LFSamba: Marry SAM with Mamba for Light Field Salient Object Detection

Zhengyi Liu,Longzhen Wang,Xianyong Fang,Zhengzheng Tu,Linbo Wang
2024-11-11
Abstract:A light field camera can reconstruct 3D scenes using captured multi-focus images that contain rich spatial geometric information, enhancing applications in stereoscopic photography, virtual reality, and robotic vision. In this work, a state-of-the-art salient object detection model for multi-focus light field images, called LFSamba, is introduced to emphasize four main insights: (a) Efficient feature extraction, where SAM is used to extract modality-aware discriminative features; (b) Inter-slice relation modeling, leveraging Mamba to capture long-range dependencies across multiple focal slices, thus extracting implicit depth cues; (c) Inter-modal relation modeling, utilizing Mamba to integrate all-focus and multi-focus images, enabling mutual enhancement; (d) Weakly supervised learning capability, developing a scribble annotation dataset from an existing pixel-level mask dataset, establishing the first scribble-supervised baseline for light field salient object <a class="link-external link-http" href="http://detection.https" rel="external noopener nofollow">this http URL</a>://github.com/liuzywen/LFScribble
Computer Vision and Pattern Recognition
What problem does this paper attempt to address?

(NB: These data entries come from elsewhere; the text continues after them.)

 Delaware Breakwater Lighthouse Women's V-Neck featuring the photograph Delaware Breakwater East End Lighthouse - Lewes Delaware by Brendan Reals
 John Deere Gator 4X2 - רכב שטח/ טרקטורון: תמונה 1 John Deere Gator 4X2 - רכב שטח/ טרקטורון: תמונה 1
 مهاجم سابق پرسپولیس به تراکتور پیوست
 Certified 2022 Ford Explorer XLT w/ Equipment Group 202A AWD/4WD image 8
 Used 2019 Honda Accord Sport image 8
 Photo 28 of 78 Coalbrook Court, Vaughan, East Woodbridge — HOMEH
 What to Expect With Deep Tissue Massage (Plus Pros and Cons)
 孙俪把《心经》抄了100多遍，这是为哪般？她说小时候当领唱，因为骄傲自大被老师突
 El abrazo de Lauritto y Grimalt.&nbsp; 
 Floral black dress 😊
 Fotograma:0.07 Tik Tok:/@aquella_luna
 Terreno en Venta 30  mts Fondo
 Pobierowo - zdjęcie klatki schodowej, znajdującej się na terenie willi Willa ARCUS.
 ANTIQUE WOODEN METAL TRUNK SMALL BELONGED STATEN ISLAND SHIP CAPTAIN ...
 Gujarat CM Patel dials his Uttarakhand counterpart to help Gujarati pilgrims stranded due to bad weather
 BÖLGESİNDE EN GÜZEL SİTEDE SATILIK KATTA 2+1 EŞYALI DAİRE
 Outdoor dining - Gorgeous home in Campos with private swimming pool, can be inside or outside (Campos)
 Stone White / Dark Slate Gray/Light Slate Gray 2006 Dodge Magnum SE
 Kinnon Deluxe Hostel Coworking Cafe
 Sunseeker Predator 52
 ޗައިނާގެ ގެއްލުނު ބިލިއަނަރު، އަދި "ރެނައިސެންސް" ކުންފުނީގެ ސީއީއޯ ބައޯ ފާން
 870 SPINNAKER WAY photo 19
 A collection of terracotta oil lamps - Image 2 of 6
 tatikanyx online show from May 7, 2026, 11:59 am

This paper attempts to solve the problem of salient object detection in multi - focus light - field images. Specifically, the author proposes a new model named LFSamba, aiming to improve the detection effect of salient objects in multi - focus light - field images by combining SAM (Segment Anything Model) and Mamba. The following are the specific problems that this paper attempts to solve: 1. **Effective Feature Extraction**: - Multi - focus light - field images contain rich spatial geometric information, but how to extract this information efficiently is a challenge. The author uses SAM to extract modality - aware discriminative features to enhance the feature extraction ability. 2. **Inter - slice Relationship Modeling**: - Multi - focus images are composed of multiple focal - plane slices, and each slice is focused at different depth positions. In order to capture the long - range dependencies between these slices and extract the implicit depth cues, the author introduces the Mamba model. 3. **Cross - modal Relationship Modeling**: - In order to better fuse all focal - plane images and multi - focus images, the author designs a cross - modal Mamba model to achieve mutual enhancement between different modal features. 4. **Weakly - Supervised Learning Ability**: - Annotation is an important step for deep - learning models to learn the potential mapping from input to output. Existing methods usually require dense annotation, resulting in high labor costs. To solve this problem, the author constructs a sparsely - annotated dataset and develops a weakly - supervised learning method, thereby reducing the annotation cost. In summary, the LFSamba model solves the above problems in the following aspects: - Use SAM for efficient feature extraction. - Utilize the Mamba model to capture long - range dependencies in multi - focus images. - Design a cross - modal Mamba model to fuse features of different modalities. - Construct a sparsely - annotated dataset and adopt a weakly - supervised learning method to reduce the annotation workload. Through these improvements, LFSamba has achieved significant performance improvement in the task of salient object detection in multi - focus light - field images.